■ What you will do
The required result is an exact copy of the lines from the one containing "31-31 Robingrove Rd" to the last line of the records, both ends included, without pictures.

===== Entries supplied =====

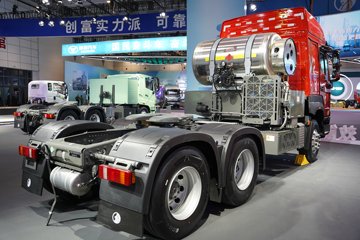 �й������ɶ����ó� V7-X 6X4 ���̻�϶���ǣ���� 140kWhͼƬ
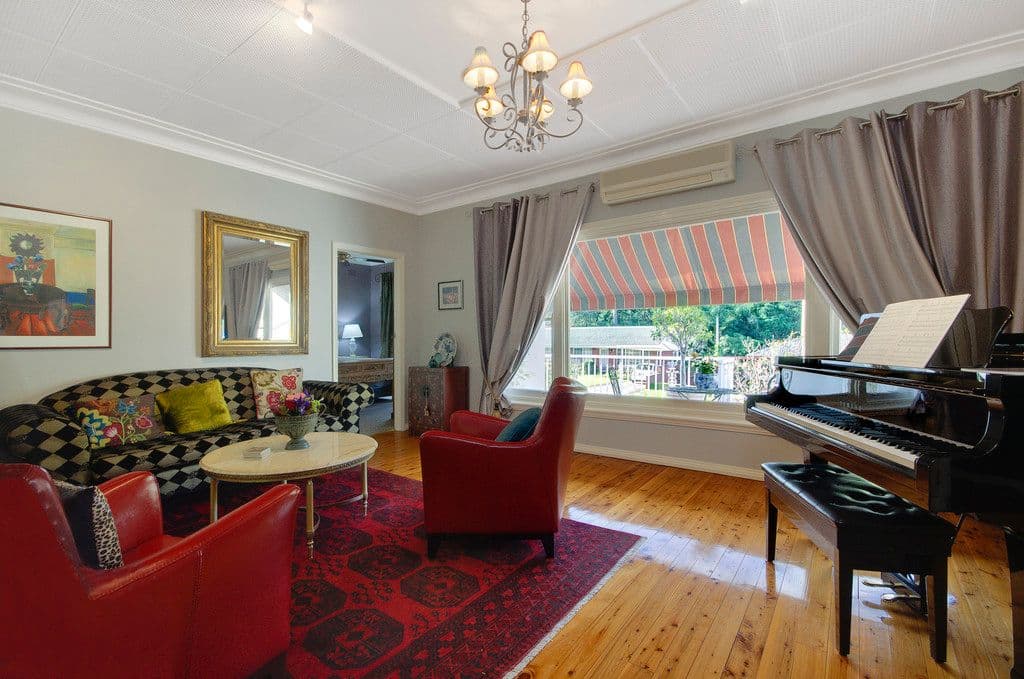 42 Garden Avenue, FIGTREE NSW 2525, Figtree - Image 1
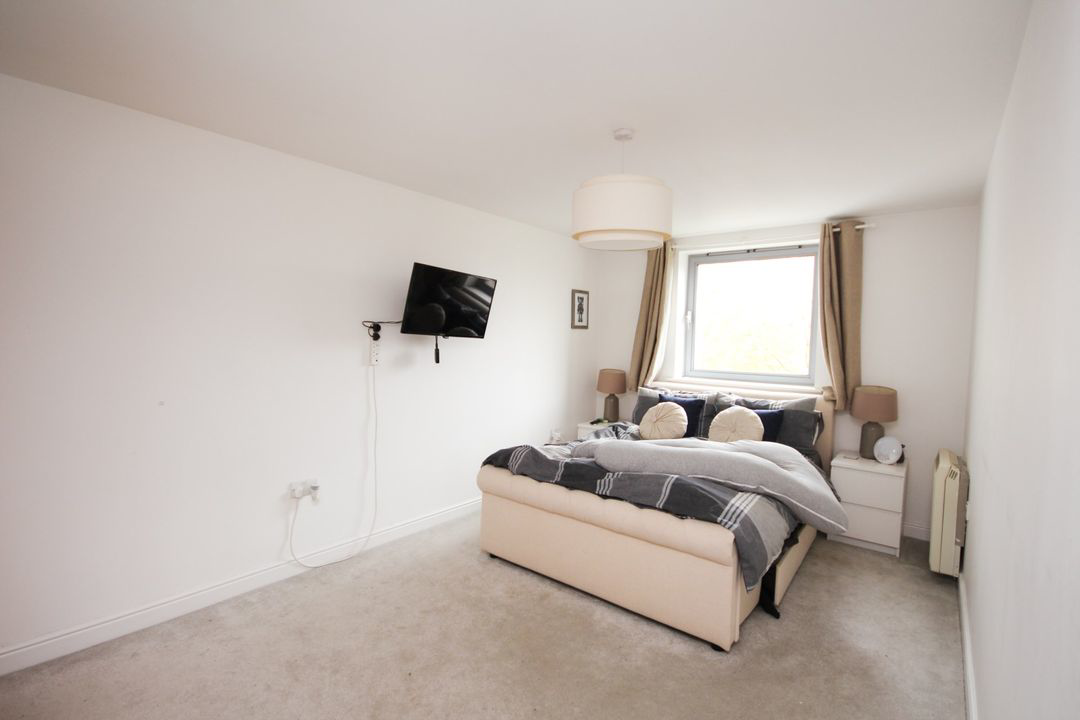 Kelvin Gate, Bracknell, RG12, photo 5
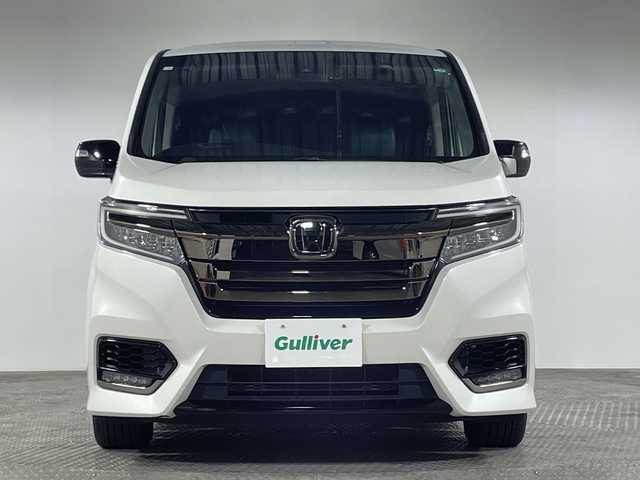ホンダ ステップワゴン スパーダ eHEV G EXホンダS 神奈川県 2020(令2)年 6.8万km プラチナホワイトパール 純正10型メモリナビゲーション【VXM-207Wi】/フルセグ　CD　Bluetooth　HDMI　USB　SD　Applecarplay　/純正後席フリップダウンモニター/バックカメラ/両側電動スライドドア/ブラックスタイル/ホンダセンシング/アダブティブクルーズコントロール/CMBS衝突軽減ブレーキ/誤発進抑制機能/LKAS車線維持支援システム/標識認識機能/先行車発進お知らせ機能/歩行者事故低減ステアリング/路外逸脱抑制機能/アイドリングストップ/革巻きステアリング/合皮コンビレザーシート/前席シートヒーター/純正前方ドライブレコーダー/純正ビルトインETC/シートリフター/ECON/プッシュスタート/スマートキー/LEDヘッドライト/LEDフロントフォグランプ/オートライト/純正16インチアルミホイール/純正サイド/リアスポイラー/電動パーキングブレーキ/ブレーキオートホールド/電格ウインカーミラー/スペアキー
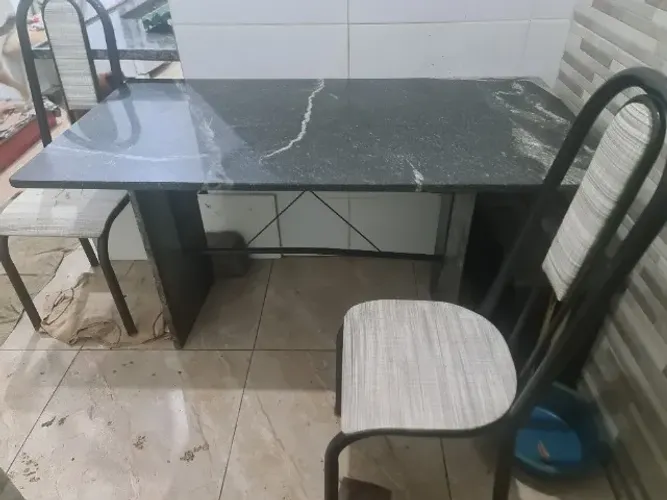 mesa de jantar 140x75 ,tampa de ardosia , base tambem de ardosia . seis cadeiras 04 sem us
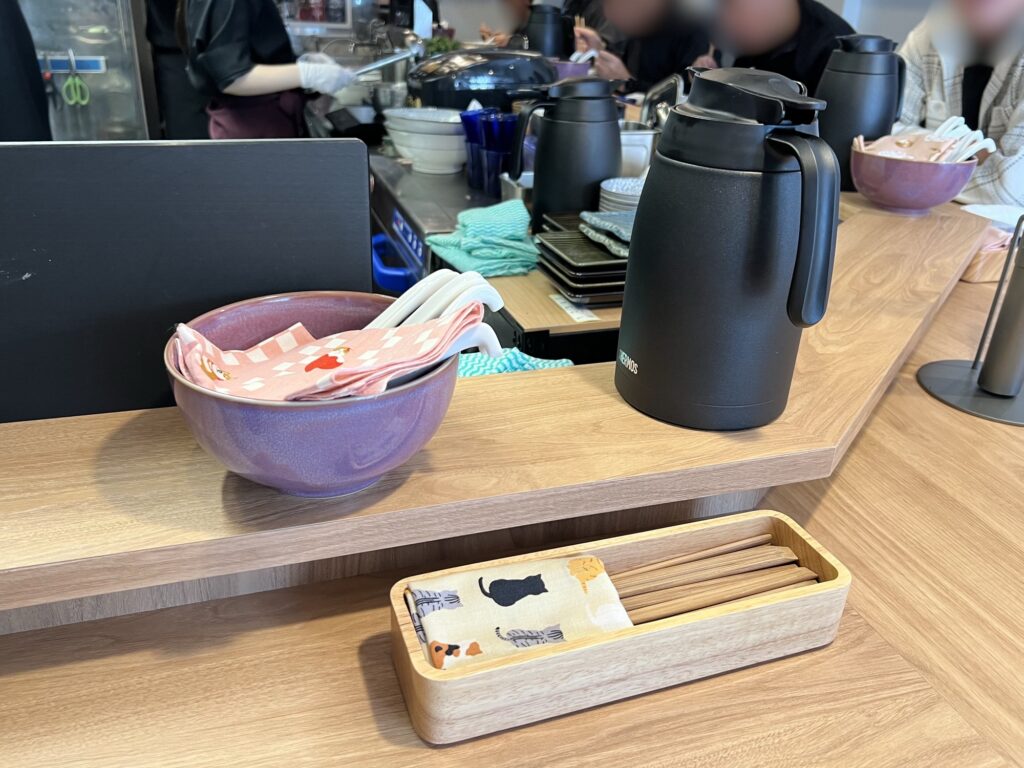 紫苑割り箸、レンゲ、お冷のポット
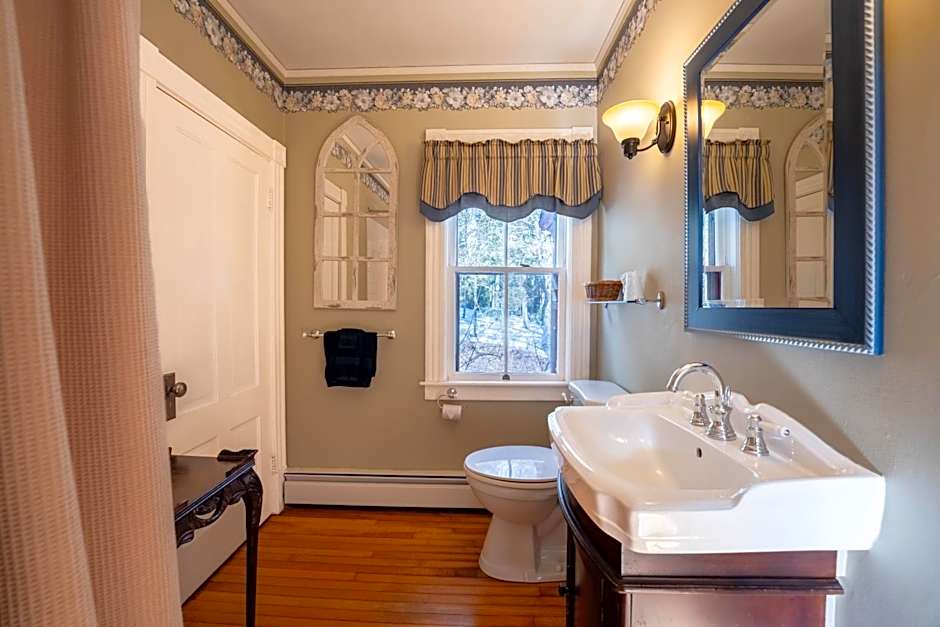 Dominion Hill Country Inn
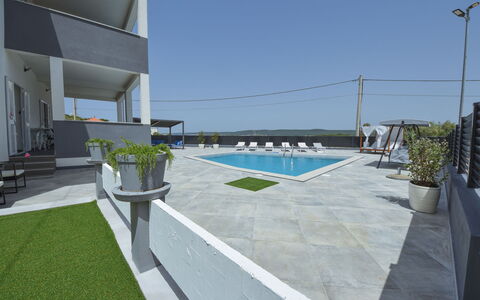 Franka: Ciel, Bâtiment, Éclairage Public, Plante, Ombre, Architecture, Design Urbain, Piscine, Mobilier De Jardin, Toit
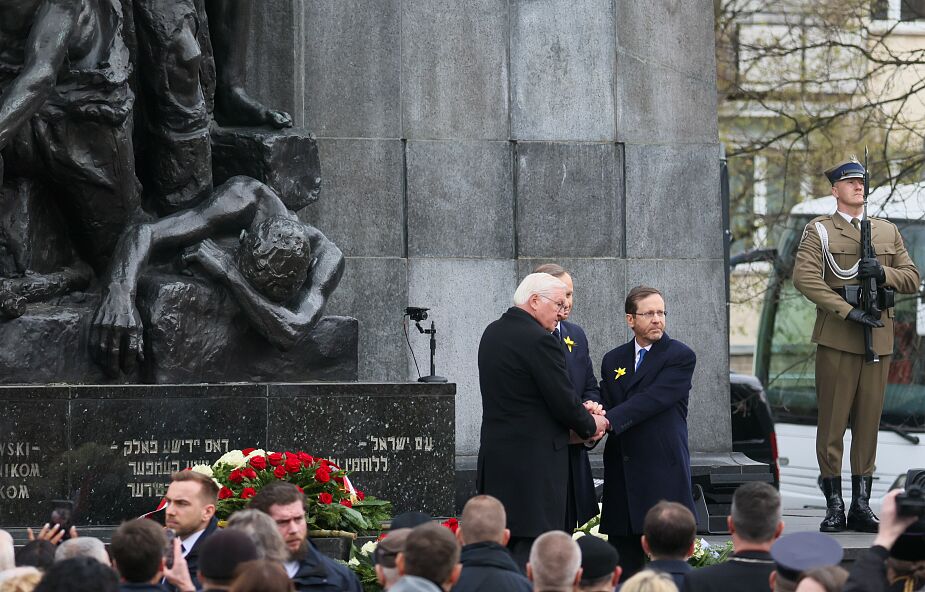 Prezydenci Polski, Izraela i Niemiec złożyli kwiaty przed Pomnikiem Bohaterów Getta w Warszawie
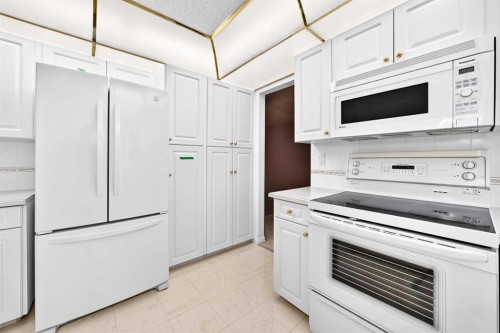14224 Parkside Drive Se, Calgary, AB - Indoor Photo Showing Kitchen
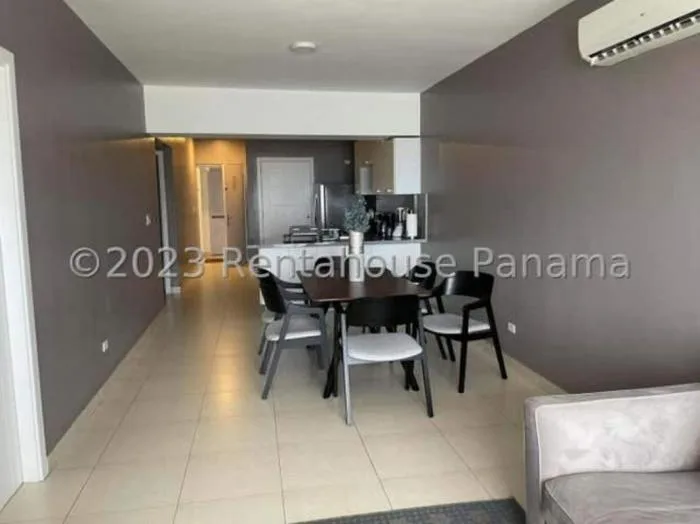White Avenida Balboa 2 habitaciones — 3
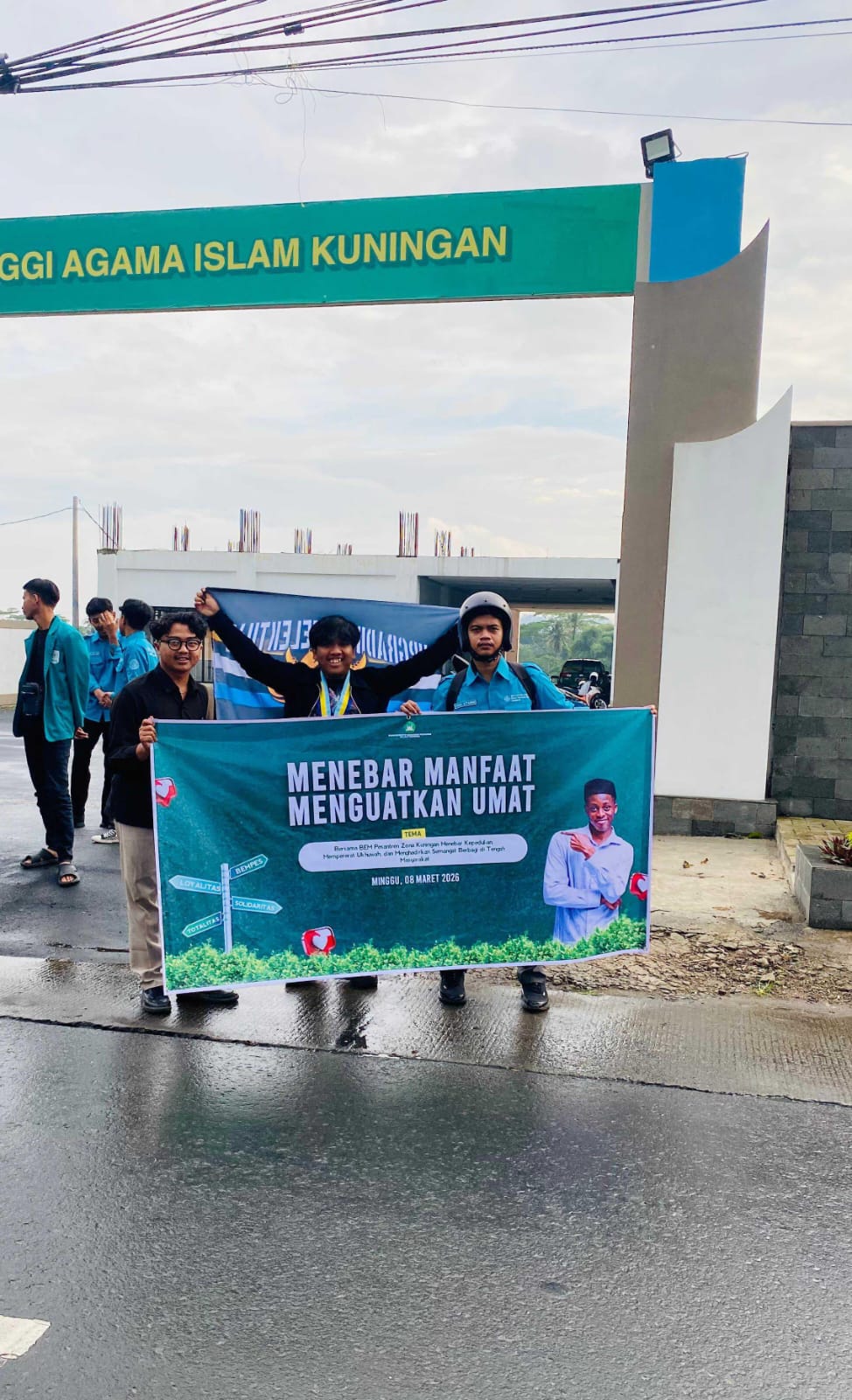 Foto bersama Bem Pesantren Zona Kuningan(foto:dok. ist/tohirin)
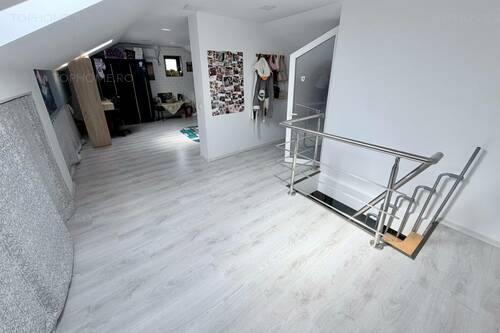 Casa P+1+M La 70m Fata De STB. 5 Cam. Util 132mp. Teren 183m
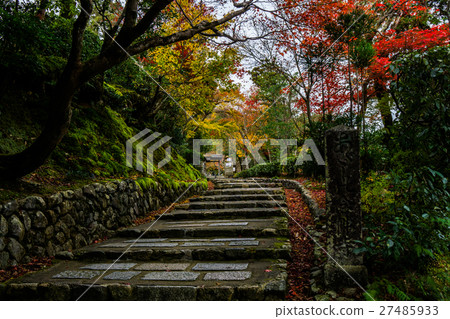 Kyoto Nenbutsuji Temple approach 27485933
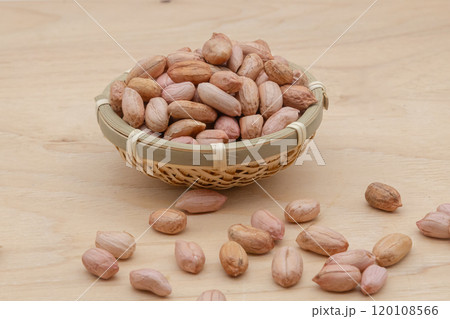 生落花生　火を通す前のピーナッツ　薄皮が付いたままのピーナツ 120108566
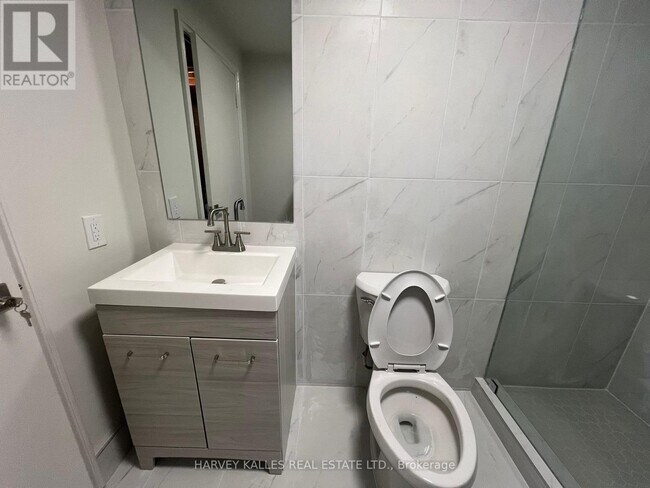 31-31 Robingrove Rd in Toronto, ON - Building Photo - Building Photo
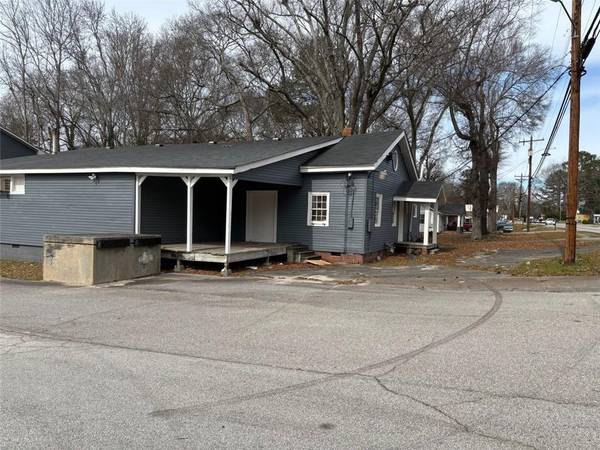 Monroe, GA 30655,1304 S Broad ST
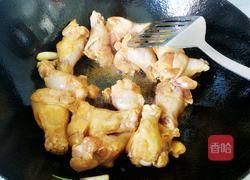 鸡翅根炖毛豆的做法图解3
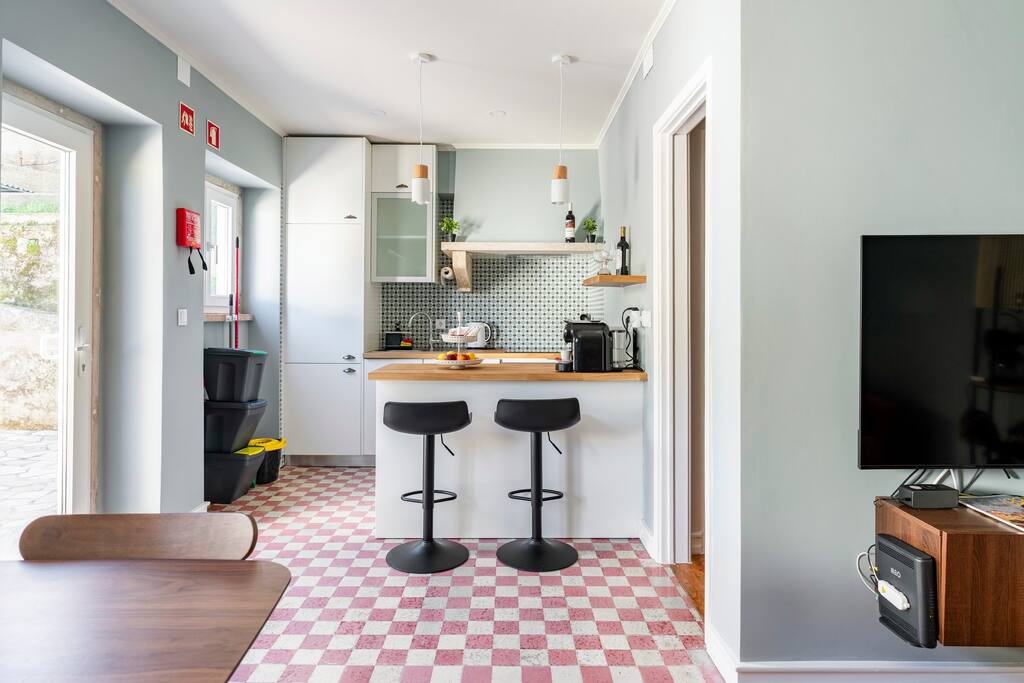 vintage-charm-near-sintra's-wonders-sintra-45/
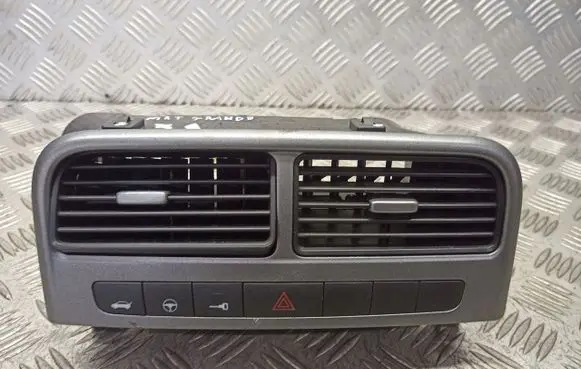 Fiat Grande Punto Dashboard air vent grill cover trim 735386328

=====

■ Result of the exercise
 31-31 Robingrove Rd in Toronto, ON - Building Photo - Building Photo
 Monroe, GA 30655,1304 S Broad ST
 鸡翅根炖毛豆的做法图解3
 vintage-charm-near-sintra's-wonders-sintra-45/
 Fiat Grande Punto Dashboard air vent grill cover trim 735386328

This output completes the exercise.